Lines move in, out, in, out,
as if it's trying to pump out
blackberry juice.
Veins are grey and look brittle.
Here comes another one.
His head lifts
under a clot of mud.
His one big purple muscle
refuses to move.
Then the body
trickles along the earth...
but now he lies
perfect in my memory,
the stained worm, dead. .
The worm earthed
the blood-clotting movement dead.
LORRAINE DIXON, 12
Ants
jaws like steel,
Jaws like steel clamps.
Legs fixed precariously, three on each side
To the body
Which is joined to the head
Which has water-drop eyes,
And antennae
Moving frantically on invisible looms
Neck, strong like a crane,
While the body is the engine.
An ant hill is the opposite
Of a bird's nest;
Instead of long winding twigs
An ants' nest has thin,
Long winding tunnels.
The nest is a cow pat
Peppered with an air rifle.
Invisible roots spread down.
And on top they grow like moss.
Inside are unplanned catacombs
Weaving drunkenly,
Often falling, then rising,
Crawling, and at times,
They sleep.
Like man
An ant wants to fly.
Ants with stained glass windows,
Drained from their holy splendour.
Flying ants, like corn being thrashed.
The ant's body is grain
Lifted by husks
Which vibrate in the wind
Propelling the grain forward.
The husks are strained, weary
From flying up and down.
Slowly the husks loosen,
Turning the grain more earthbound
Every flight.
The glass is lost,
Only leaving the lead
Bent and smashed.
The grain lies dormant...
CLIFFORD BLACK, 13
The Bee
The bee is...
a seed,
never been planted,
caught in air currents,
forever,
until now.
The bee is planted into my brain,
already growing into my life.
Its body...
a pencil-shaving
curled up
and held together by elastic bands.
The wings are wound up, then released
like aeroplanes Won at the funfair.
(sold by the man with a London accent),
but which break on their first flight.
Each Wing is made from...
decomposed leaves
half turned into loam
so you can see through them.
Its dance,
unique,
speaks to you...
left, up, right, down.
Dr Dolittle's tango of the night
is finally translated.
ADAM HUGHES, 12
Snail
The snail is an old,
wise creature
whose shell was borrowed,
borrowed from an unborn chick
and carved by the snail's
soft, soft body.
The shell, wafer thin
but curled strongly,
almost delicately like a
whip of cream.
Underneath the shell,
a body,
soft with age
with a never-ending supply of moisture.
Two antennae,
upright; soft but
stiff like a flower's stem.
He moves steadily
in his own pace
and leaves a line of silver.
Lengths of fishing line coiled on the ground
In ever decreasing circles.
ROBERT ADCOCK, 11
The Autumn Snail
A snail,
a ridged and broken pot
engraved in grime,
budges along my boot
on a juddering mini conveyor-belt,
leaving sticky patches like glue on the black,
determined to get to his home -
a leaf,
but like a huge canvas to him.
His antennae
feel the way, going crazy
like wild and bendy knitting needles
finding the way to a feast
of maggotty apples
left from summer.
He takes a look.
Then Crunch.
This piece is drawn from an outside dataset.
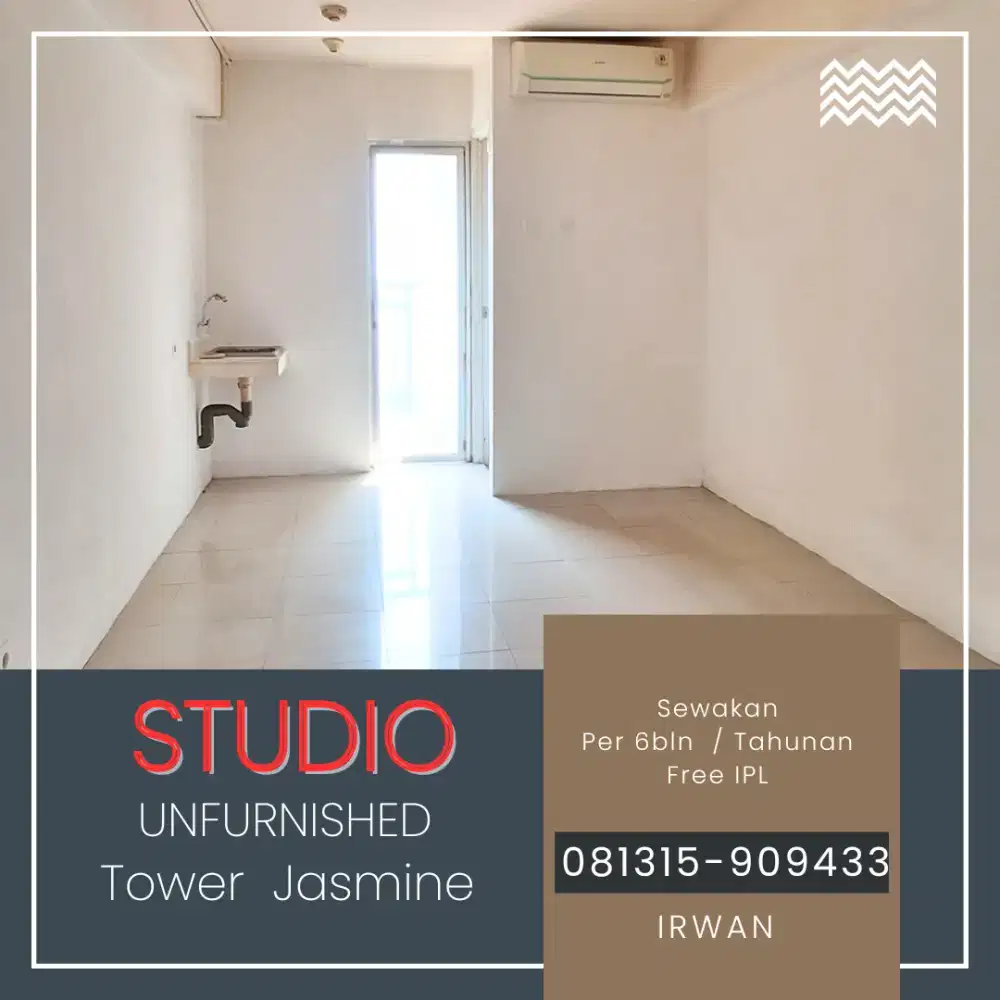 Studio Unfurnished Kosongan Apartemen Bassura City Free IPL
He engraves the mud
beneath dad's big brutal boot.
HELEN WARD, 12
Moth
The Moth is a clumsy overweight snowflake.
Its feather-like antennae sense danger,
Receiving light beams from a high up torch.
Snowflake wings that flap with no sound.
Like an owl in mid-flight. ..
And the dusty fur coat that will rip at a touch,
Like a piece of brown charred paper.
Six furry legs stolen from a spider,
The nocturnal beast,
Like a flying tiger.
An armoured fighter,
As soft as a raindrop.
RICHARD MUNNINGS, 11
Moth
I hang on to any quiet space,
A forgotten creature of the stable,
House or barn.
My wings are not pieces of stiff cardboard,
But beautiful folds of thin gold leaf,
Dusty with age.
I have seen many different sights.
I have heard the most secret of all the secrets,
As I hid, unseen in folds of thorn-torn materia
Or in an undusted corner.
Some people hate me,
Throw me outside...
But I was there in the stable
That Christmas night.
Hidden in folds of thorn-torn material.
LUCY COLLINS, 13
Christmas Spider
The spider is an eye
Watching the world
With eight scaly eyelashes blinking,
Watching, Waiting, Thinking.
It is a black sheep
Legs multiplied by two.
It is a lost shadow
That someone didn't want,
Didn't need.
The spider is a sharp black flint
Cutting its path,
Like a winding knife.
It spins its Web -
A story so long,
So sad.
It is...
A black star
Shooting eight ways
Into the air
And the silken thread
It spins is fit to make a robe
For the babe it watches.
EMMA WALKEY, 11
Connections
Letter to a Friend
(Not to be openedfor 50 years)
Do you remember the pit?
Our hang-out, where we swung
on old matted rope,
out over logs that held our imagination
and shaped our thoughts.
Those logs were Wizards and witches;
and the tangled mass of roots
looked like old tennis racquet strings.
But they were sturdy and covered in clay,
moulded over an old man's face.
Do you remember freestyle biking
on my tricycle,
or Walking on in the stream?
Each step cracked the ice, leaving footprints
spiked by frost.
Do you remember
sliding down our hill on plastic bags in the snow?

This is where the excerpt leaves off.